On the surface, the premise of “The Adam Project” is simple it’s a time travel movie. If you dive a little deeper, the movie is also about grief, overcoming bitterness, and reconciling with family. During the journey, we accompany Adam (Ryan Reynolds) in 2050, as he attempts to travel back in time to confront his father, Louis (Mark Ruffalo), a quantum physicist involved with time travel. In 2050, Adam miscalculates his time jump and ends up in 2022 instead of 2018. During the 2022 timeline, we meet a younger version of Adam (Walker Scobell), who is still reeling from his father’s death and is horrible to his mother Ellie (Jennifer Garner), who is doing the best she can under challenging circumstances. To complete his mission and fix the timeline, Adam (Ryan Reynolds) enlists the help of his younger self (Walker Scobell) as they travel together back to 2018. During the 2018 timeline, Adam reunites with his wife Laura (Zoe Saldaña), a time traveler who disappeared and never made it back to 2050. During this timeline, our Adams get to “confront” their father and explain that his theory for time travel works but that he was betrayed by his business partner Maya (Catherine Keener). The latter in the future has exploited his discovery for more nefarious purposes. I won’t spoil the rest for you, but this is the fundamental premise that guides our adventure.
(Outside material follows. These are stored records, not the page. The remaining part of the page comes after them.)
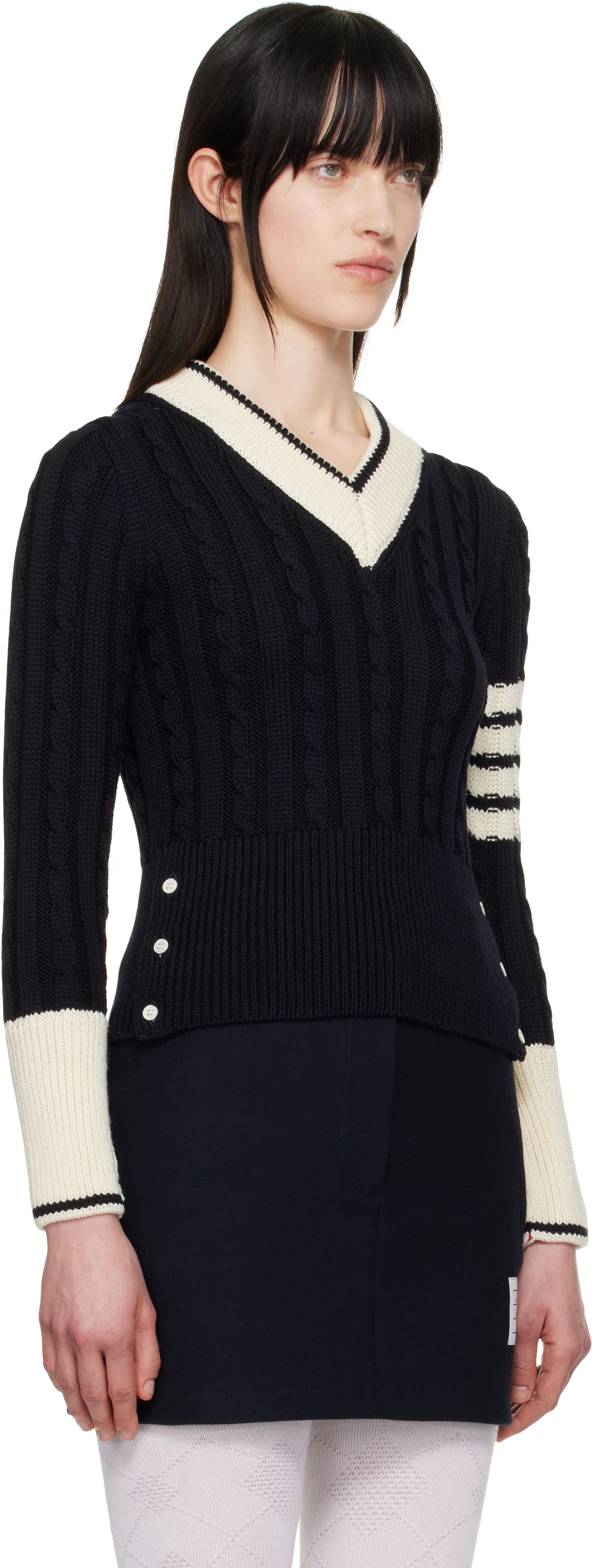 Sweater Thom Browne Thom Browne Classic Merino Wool V-Neck Sweater Mørkeblå | FKA484A-Y1024, 1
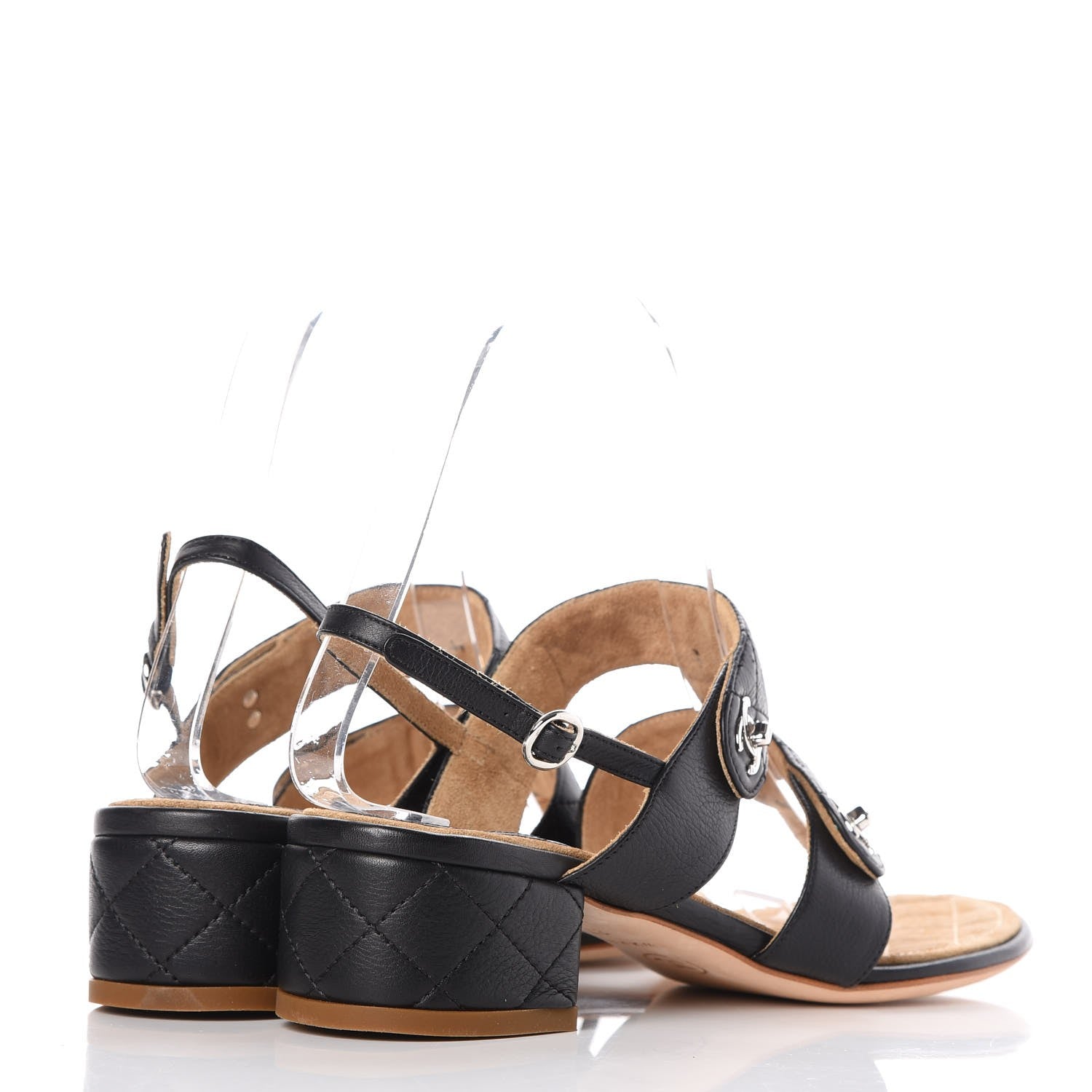 Chanel Lambskin Quilted CC Turnlock Sandals 37 Black 4 of 7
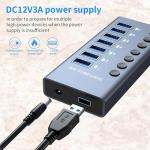 Balabaxer 7-Port USB Hub with Power Adapter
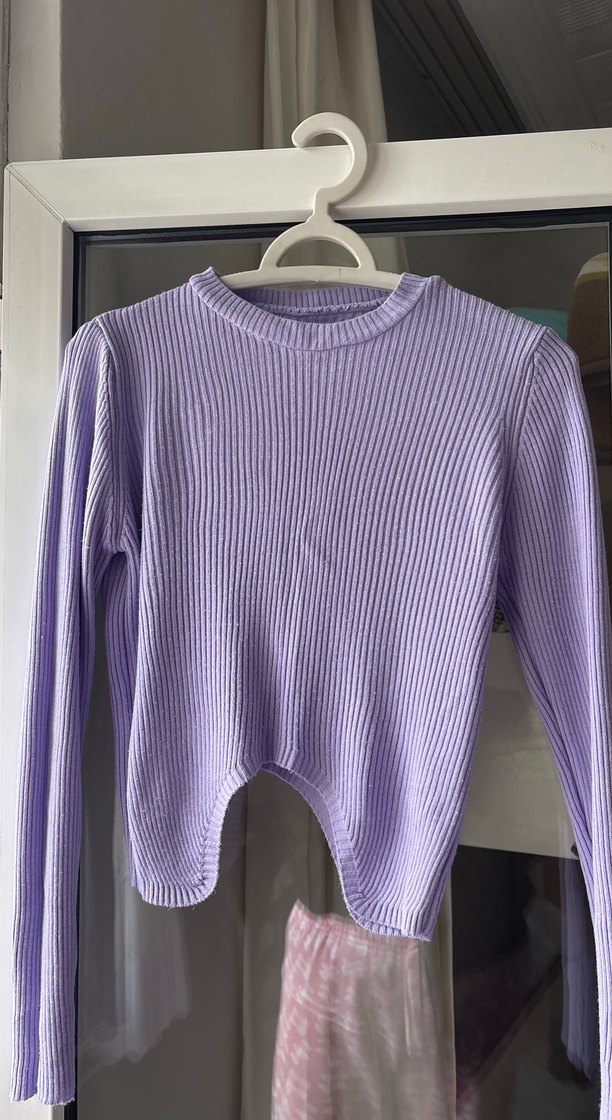 Mor Fitilli Kadın Triko Kazak - Görsel 2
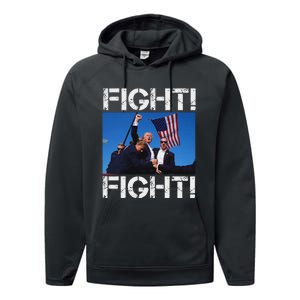 Trump Fight Bold Election 2024 Design Performance Fleece Hoodie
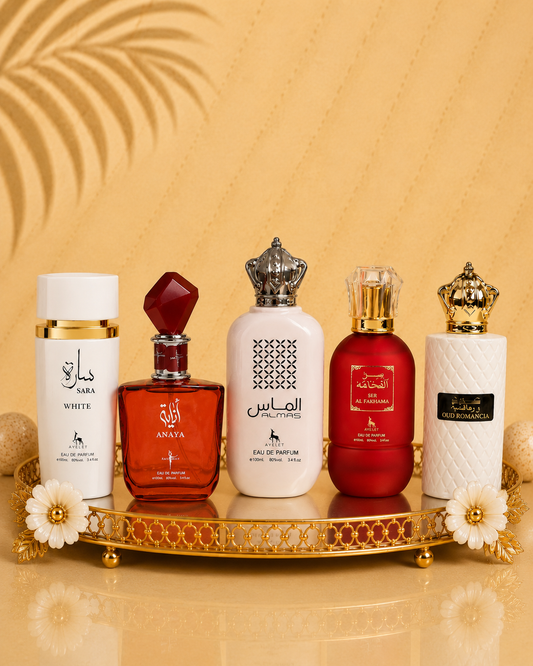 Set 5 Parfumuri Orientale De Dama - Almas + Anaya + Sara White + Ser al Fakhama + Oud Romancia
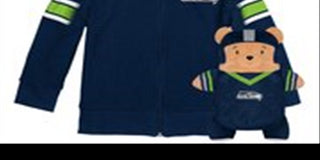 Cubcoats Boy's Toddler Seattle Seahawks 2-in-1 Transforming Full-Zip Hoodie & Soft Plushie Blue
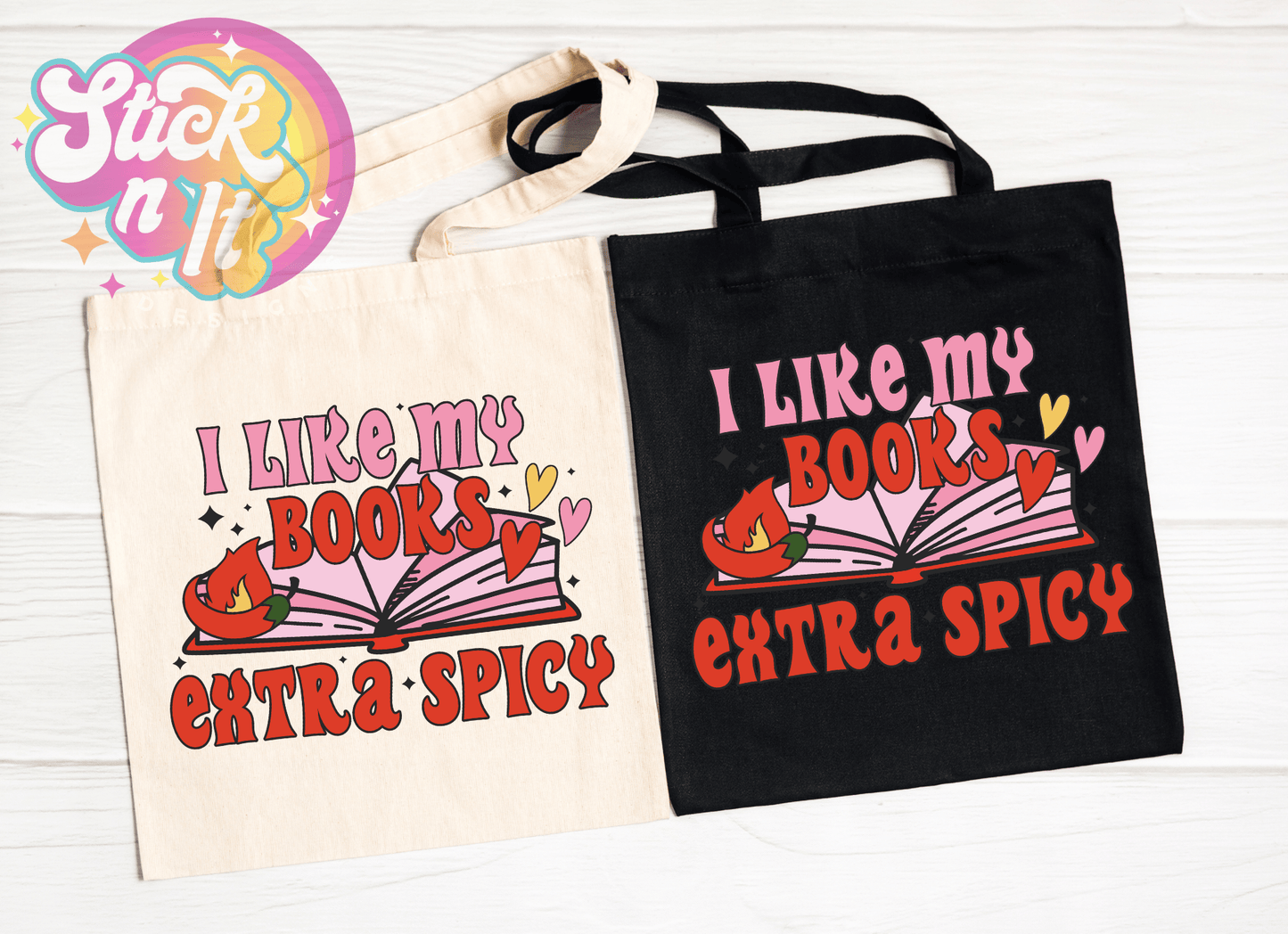 SPICY BOOKISH REUSABLE TOTE BAGS - Stick N It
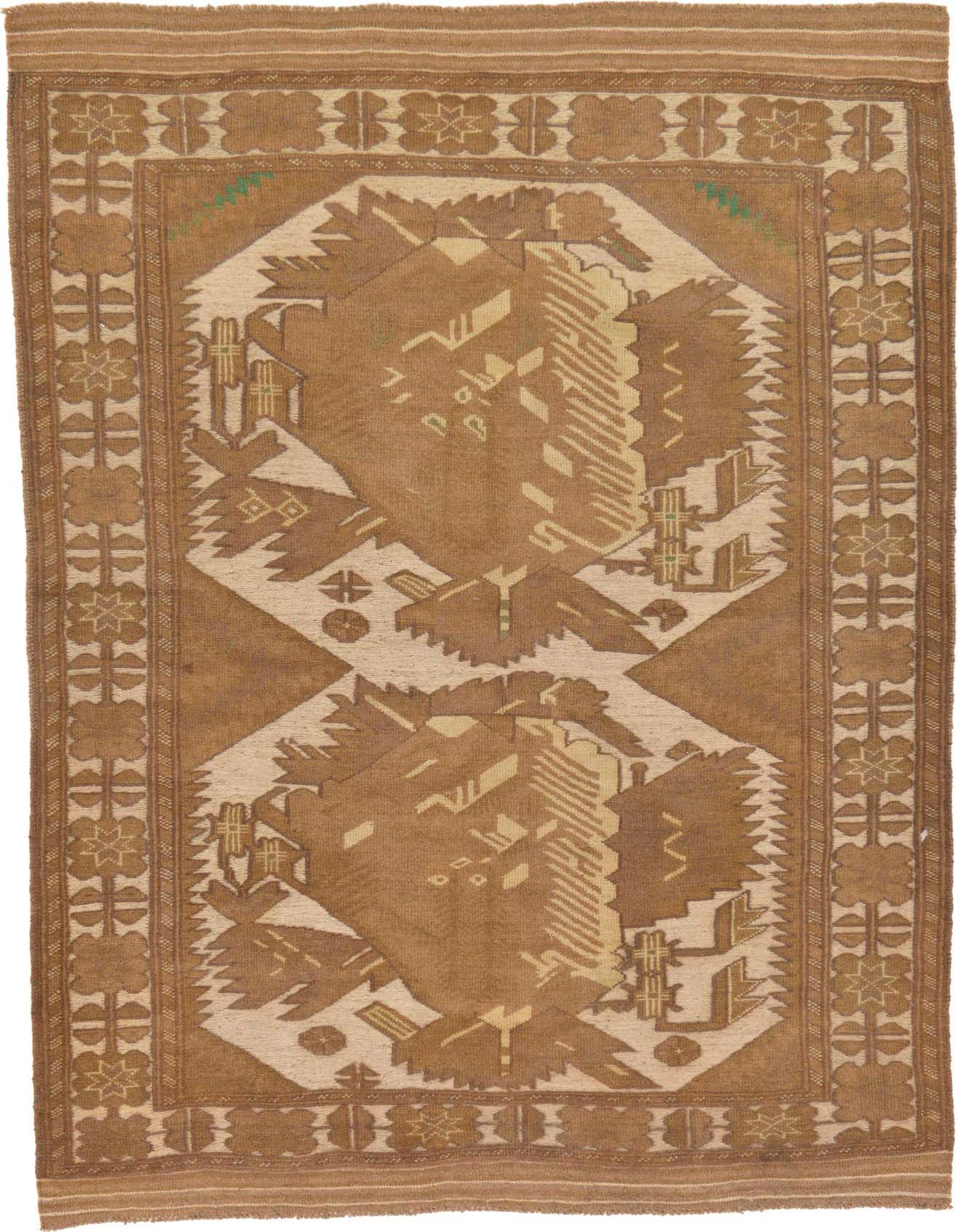 A 4x6 rectangular Sumak wool rug featuring a traditional tribal pattern in shades of brown, tan, and cream.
For older audiences like me, what I appreciated most about this movie were the tiny little nods to movies in the pop culture zeitgeist. One scene between Ruffalo and Garner mirrors the couch scene they shared in “13 Going on 30”. There is also a fight scene that mimics the fighting style of “Guardians of the Galaxy.” In the context of the movie, these scenes work and never seem like a ripoff or too overbearing. In the past five years, there have been a few successful new entries into the time-travel and time-loop genre like “Happy Death Day” and “Palm Springs.” While it is so rare to recapture the magic of time travel and time loop movies of the mid-80s and 90s like “Back to the Future” and “Groundhog Day”; “The Adam Project” is a step in that direction even if it does not live up to its full potential.

“The Adam Project” Trailer

“The Adam Project” is streaming on Netflix.